I thought my English was good when I first moved to New Zealand. But it turns out there’s a big difference between writing essays at school and having real-life interactions in another language. Eek!
Nevertheless, once you get over the initial pitfalls, and past a few awkward situations, there’s light at the end of the tunnel. The secret is to never give up.
Teething problems
Group conversations! Initially a literary ping pong game that your frazzled brain tries to keep up with. By the time you’ve conjured up the perfect comment, the subject has changed (again).
Anxiety about telephone conversations because you still can’t quite make out what people are saying unless you can see their hand gestures and mouth moving.
Constantly walking into people on the street/sidewalk/doorway/stairwell because your ‘right side’ is now suddenly the wrong side.
Coming in for a handshake when they come in for a kiss on the cheek and your hand awkwardly pokes them in the chest.
Being mistaken for being rude because you don’t say ‘please’ after every second word (but that word doesn’t exist in my language! Truly!).
Knowing that in your own language you are in fact a well-spoken adult, but now with your suddenly diminished vocabulary and rickety grammar you’re somehow degraded to conversing like a pre-schooler – and your A+ in Danish literature will do little for you.
Coming home at the end of each day and feeling that your tongue feels physically tired from straining to pronounce new words. Who knew THAT could happen??
The only way is up
Working as a waitress during my first months in New Zealand I remember the first time someone ordered a ‘Danish’ off me (before I knew this to be the non-Danish term for wienerbrød). The incident involved me laughing loudly and pointing at a (very confused looking) customer: “Ha ha! You cheeky man!” Blank stares turned into awkwardness. I embarrassed myself a few times before the wienerbrød/Danish connection hit home. But! Embarrassment and rejection builds resilience right?
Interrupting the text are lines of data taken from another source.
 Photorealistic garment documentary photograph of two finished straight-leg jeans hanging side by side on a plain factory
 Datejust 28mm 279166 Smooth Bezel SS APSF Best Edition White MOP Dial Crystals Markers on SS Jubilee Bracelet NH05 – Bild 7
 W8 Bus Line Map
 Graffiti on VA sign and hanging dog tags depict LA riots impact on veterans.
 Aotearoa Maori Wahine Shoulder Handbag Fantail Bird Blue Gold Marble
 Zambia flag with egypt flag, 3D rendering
A similar situation unfolded when a patron at the aforementioned restaurant asked me to hold the ‘thyme’ – a sound I knew only as ‘time’. Brain having another fit. But what does she meeeaan?! More of those stares.
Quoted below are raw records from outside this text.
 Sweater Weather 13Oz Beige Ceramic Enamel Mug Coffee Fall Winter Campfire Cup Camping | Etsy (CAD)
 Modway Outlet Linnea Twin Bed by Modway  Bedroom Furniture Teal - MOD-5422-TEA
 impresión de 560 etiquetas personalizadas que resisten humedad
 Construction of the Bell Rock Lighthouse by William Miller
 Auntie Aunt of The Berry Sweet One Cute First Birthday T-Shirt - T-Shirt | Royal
Someone else ordered a ‘flat white’ and I was left to figure out: A/ what it was altogether and B/ what was flat about it. Absolutely nothing as it turns out. Result: more discriminating looks clearly questioning the level of my intelligence.
Eureka, we’ve made it!
Two years into my New Zealand venture a Kiwi sitting next to me in a lecture at university turned to casually ask me how to spell ‘thoraco-lumbar fascia’. I was ecstatic. Not only did I know how to spell it, but my neighbour clearly thought my English skills were convincing enough that he believed I knew how to spell it! I could have moon-walked out of there.
Sometimes we all need to remember that every broken-sentenced foreigner is fluent in something! Whether it be engineering bridges or crafting Navajo flatbreads. Behind their incorrect grammar and shoddy pronunciation is most likely an individual adept and knowledgeable in something that’s just bursting to come out!